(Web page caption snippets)
━━━━━━━━━━━━━━━━━━━━━━━━━━━━━━
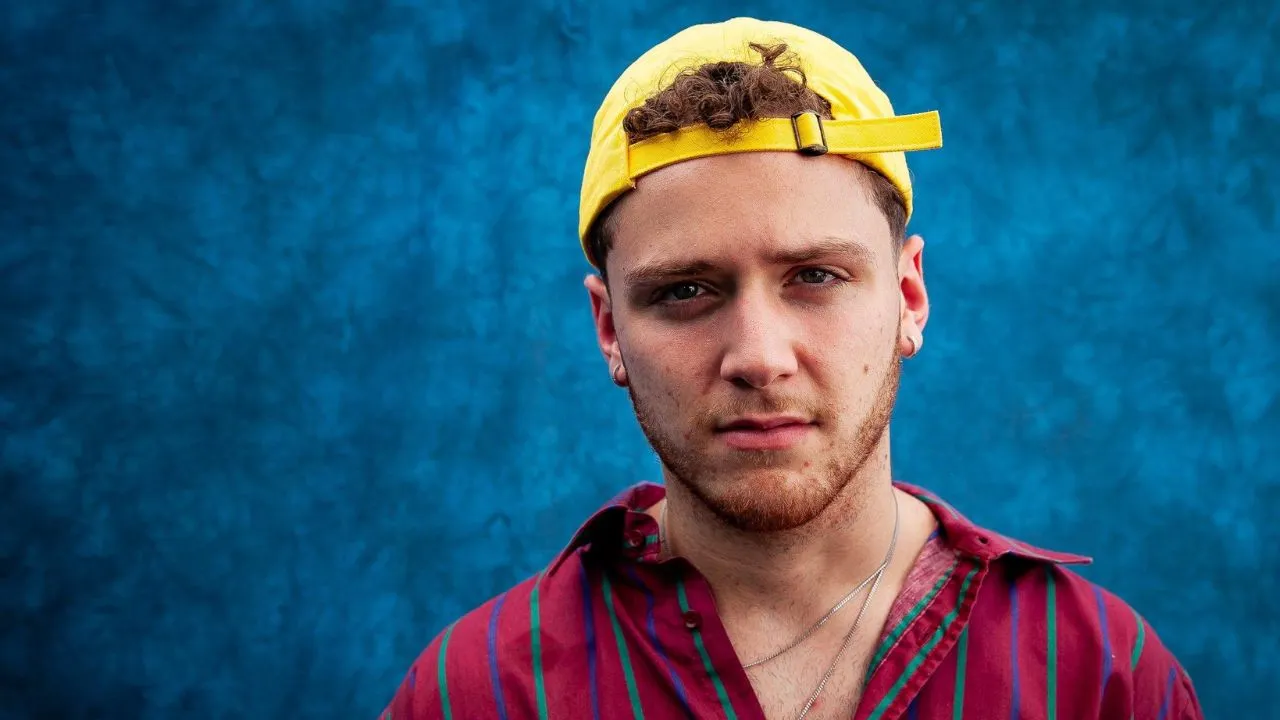 Lirik terjemahan dan arti makna lagu Beautiful dari Bazzi
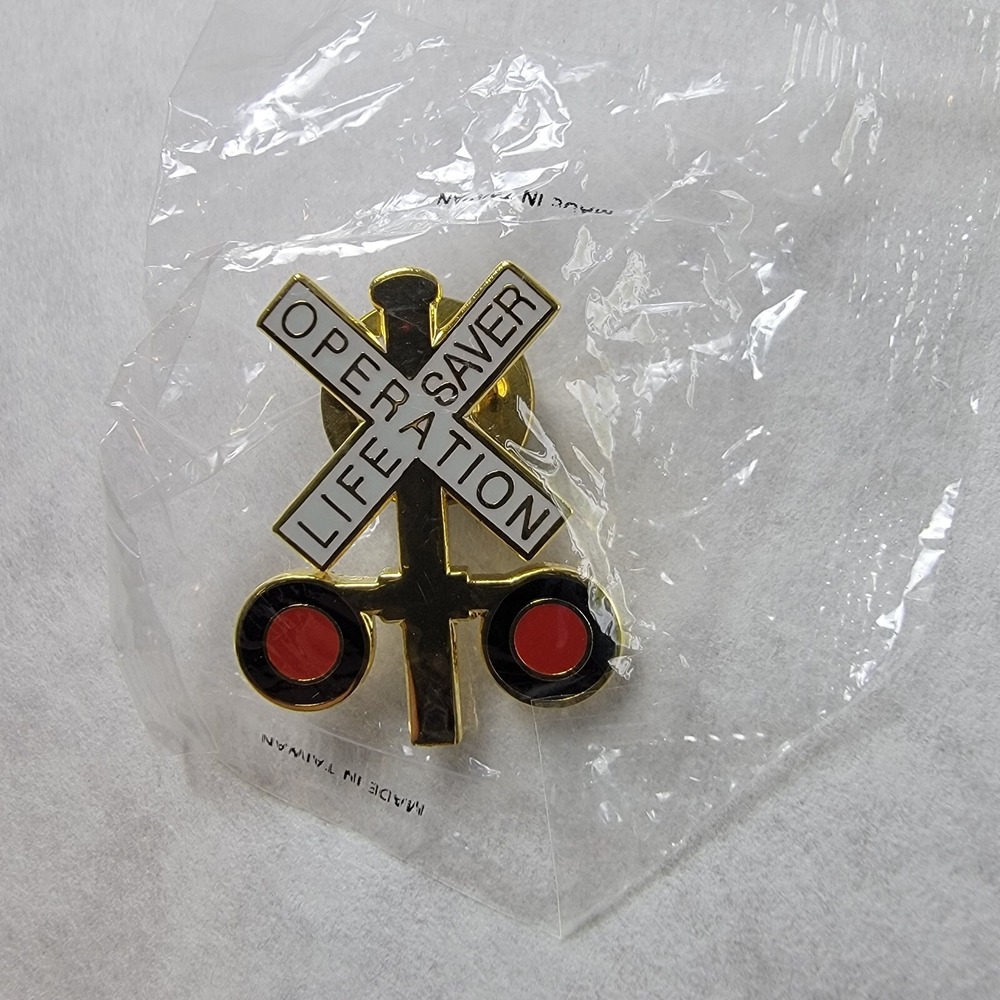 Amtrak Operation Lifesaver Railroad Crossing Lapel Pin Gold Tone Vintage Safety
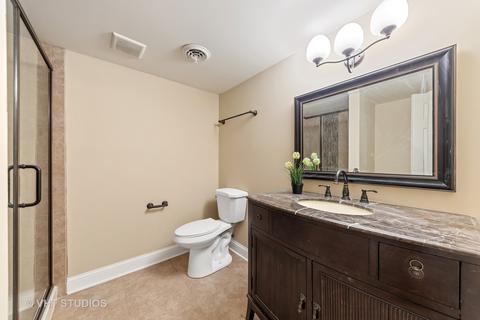 1404 Glencoe St, Wheaton, IL 60187 photo 27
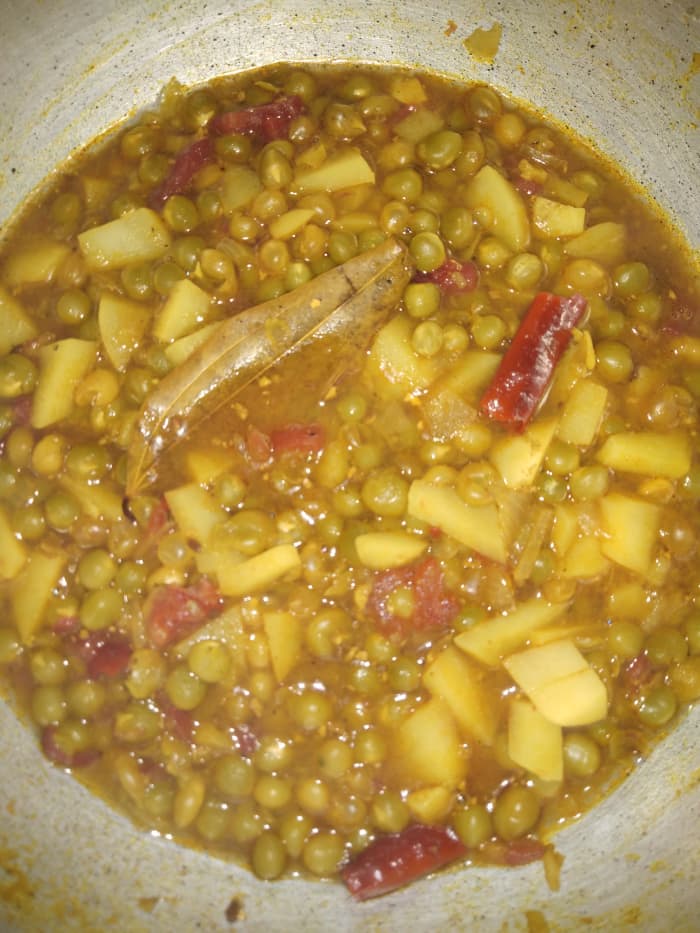 Add about 1 cup of water. Boil over medium flame for about 5-10 minutes. Then add pepper powder, sugar and garam masala powder.
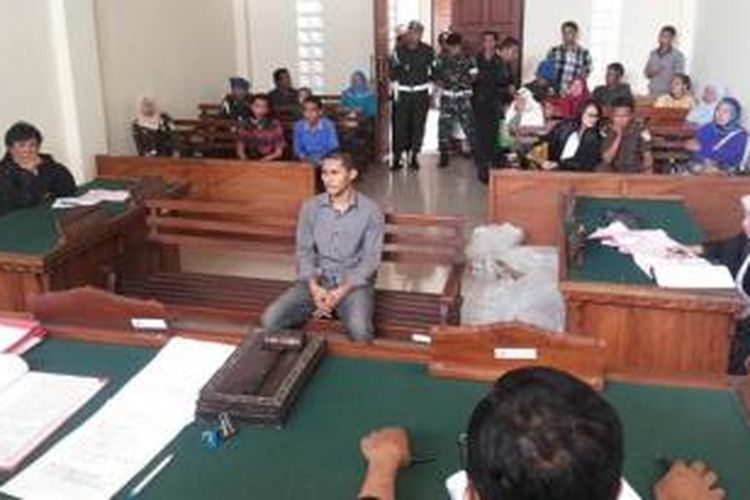 Prajurit Dua TNI AD, Ahmad Dadi Pracipto, menjadi saksi perkara pembunuhan yang dilakukan kekasihnya, Kamella, di Pengadilan Negeri Tanjungkarang, Lampung, Senin (11/1/2016). 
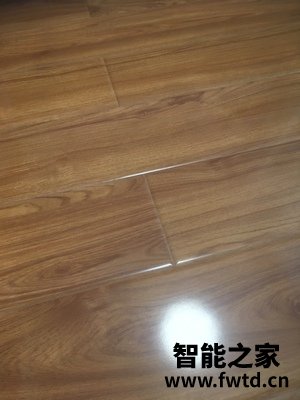 求助！哇力拖扫地机器人怎么样？这样的差评多吗？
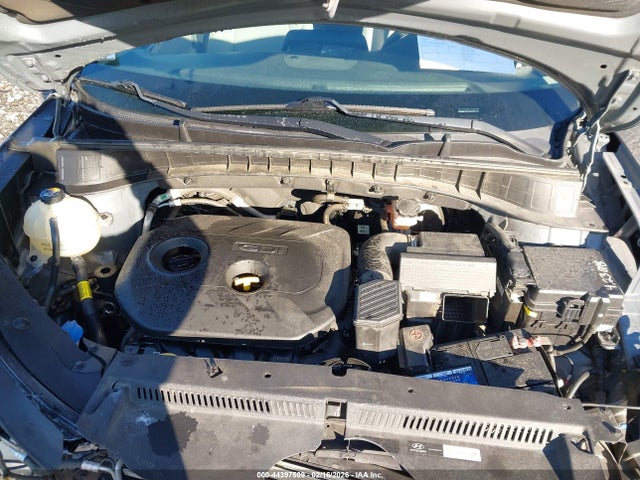 KM8J23A40KU006261 Hyundai TUCSON SE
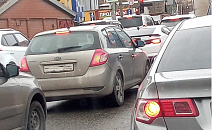 Предпраздничные пробки сковали выезды из Краснодара вечером 1 ноября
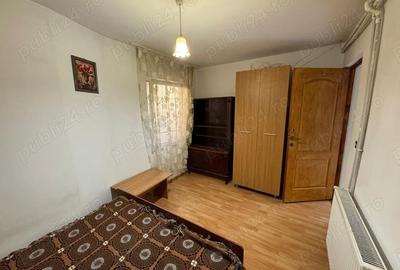 Garsonieră decomandată în 1 Mai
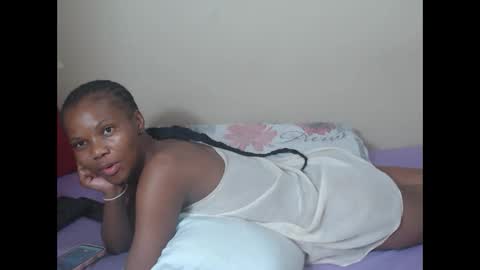 sweetlipss_ online show from September 10, 5:13 pm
━━━━━━━━━━━━━━━━━━━━━━━━━━━━━━
Exercise objective: Set down exactly the lines between the line containing "求助！哇力拖扫地机器人怎么样？这样的差评多吗？" and the end of the records above, both ends included; pictures stay out.

Response to this task:
 求助！哇力拖扫地机器人怎么样？这样的差评多吗？
 KM8J23A40KU006261 Hyundai TUCSON SE
 Предпраздничные пробки сковали выезды из Краснодара вечером 1 ноября
 Garsonieră decomandată în 1 Mai
 sweetlipss_ online show from September 10, 5:13 pm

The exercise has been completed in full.